注意: 従来との互換性のために、 特別な文字がそれらの特別な意味をなしえない文脈で使われた場合には、 普通の文字として扱われる。 たとえば、`*foo'では、`*'の対象となる正規表現が直前にないため、 `*'は普通の文字として扱われる。 このようなふるまいに依存することはよいことではない。 特別な文字は書く位置に関係なくクォートするべきである。

多くの場合、任意の文字を伴う`\'はその文字だけに一致します。 しかし、いくつか例外があって、 `\'で始まる2文字列が特別な意味を持つ場合があります。 (2文字目にくる文字は、 単独で使った場合にはつねに普通の文字として扱われる。) 以下に`\'の構成を示します。

`\|'
選択肢を指定する。 `\|'をあいだに伴った2つの正規表現abは、 abのいずれかに一致する文字列に一致する正規表現となる。

したがって、`foo\|bar'は、`foo'や`bar'に一致するが、 それ以外の文字列には一致しない。

`\|'は、周囲にある適用しうる正規表現の中でも最大のものに適用される。 `\|'によるグループ化を制限するのは、 これを囲む`\( ... \)'によるグループ化だけである。

何度`\|'を使っても処理できるだけの十分なバックトラック能力がある。

`\( ... \)'
以下の3つの目的を果たすグループ化のための構成。
  1. 他の操作に使うために一連の選択肢`\|'を括る。 したがって、`\(foo\|bar\)x'は、 `foox'か`barx'のいずれかに一致する。
  2. 後置演算子、`*'、`+'、`?'を適用できるように、 複雑な正規表現を括る。 したがって、`ba\(na\)*'は、 `bananana'のように、(0個以上の)任意個の 文字列`na'に一致する。
  3. あとで参照できるように、一致した部分文字列を記録する。

最後の使い方は、括弧によるグループ化という考え方から 派生したものではない。 同一の`\( ... \)'構成に与えた2つめの別の機能である。 実用上、これら2つの意味が混同されることはないからである。 この機能をつぎに説明する。

`\digit'
d番目に現れた`\( ... \)'に一致したテキストと 同じテキストに一致する。

いいかえれば、一致を処理するときには、 `\( ... \)'構成の末尾に達すると、 この構成に一致したテキストの始めと終りを記録する。 そして、正規表現のそれよりうしろでは、 『d番目に現れた`\( ... \)'に一致したテキスト』という意味で それがなんであろうと`\'に続けて数字dを使える。

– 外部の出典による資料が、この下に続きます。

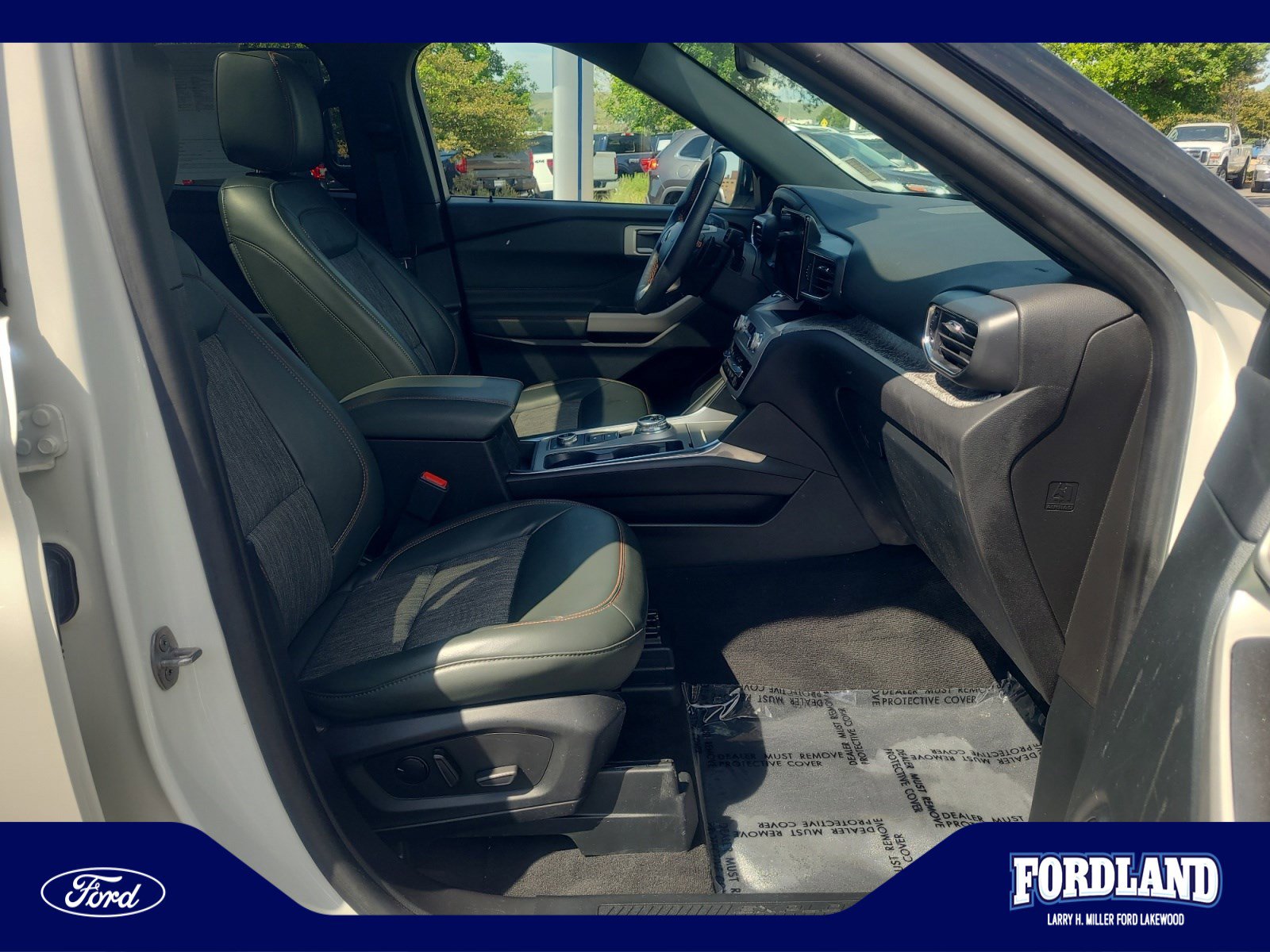 Used 2023 Ford Explorer Timberline w/ Timberline Technology Package AWD/4WD image 19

1つの正規表現内に現れる最初の9個の`\( ... \)'に一致する文字列には、 正規表現中で開き括弧が現れた順に、1から9までの番号を割り振る。 そのため、`\1'から`\9'で、 対応する`\( ... \)'に一致したテキストを参照できる。

たとえば、`\(.*\)\1'は、改行を含まない文字列で、かつ、 前半と後半が同一である文字列に一致する。 `\(.*\)'は前半部分に一致し、それはどのようなものでもかまわない。 一方、それに続く`\1'は、 前半部分とまったく同じテキストに一致しなければならない。

`\w'
任意の単語構成文字に一致する。 エディタの構文テーブルによってこの文字が決まる。 see Syntax Tables
`\W'
単語構成文字以外の文字に一致する。
`\scode'
構文コードがcodeである文字だけに一致する。 ここで、codeは構文コードを表す文字である。 つまり、`w'は単語構成要素を、 `-'は白文字を、`('は開き括弧を表すといった具合である。 白文字の構文を表すには、`-'か空白のいずれかを使う。 構文コードとそれらを表す文字の一覧については、 see Syntax Class Table
`\Scode'
構文がcodeでない任意の文字に一致する。

つぎの正規表現は空の文字列に一致します。 つまりこれらは文字を使用しませんが、 これらが一致するかどうか文脈に依存します。

`\`'
空の文字列に一致するが、 一致対象であるバッファや文字列の先頭に限る。
`\''
空の文字列に一致するが、 一致対象であるバッファや文字列の末尾に限る。
`\='
空の文字列に一致するが、ポイント位置に限る。 (文字列に対する一致ではこの構文は定義されない。)
`\b'
空の文字列に一致するが、単語の先頭や末尾に限る。 したがって、`\bfoo\b'は、単語として独立して現れる`foo'に一致する。 `\bballs?\b'は、単語として独立して現れる `ball'や`balls'に一致する。

`\b'は、 バッファの先頭や末尾にあるテキストとは無関係に、 バッファの先頭や末尾にも一致する。

`\B'
空の文字列に一致するが、単語の先頭や末尾以外に限る。
`\<'
空の文字列に一致するが、単語の先頭に限る。 `\<'はバッファの先頭にも一致するが、単語構成文字が続く場合に限る。
`\>'
空の文字列に一致するが、単語の末尾に限る。 `\>'はバッファの末尾にも一致するが、 単語構成文字で終了している場合に限る。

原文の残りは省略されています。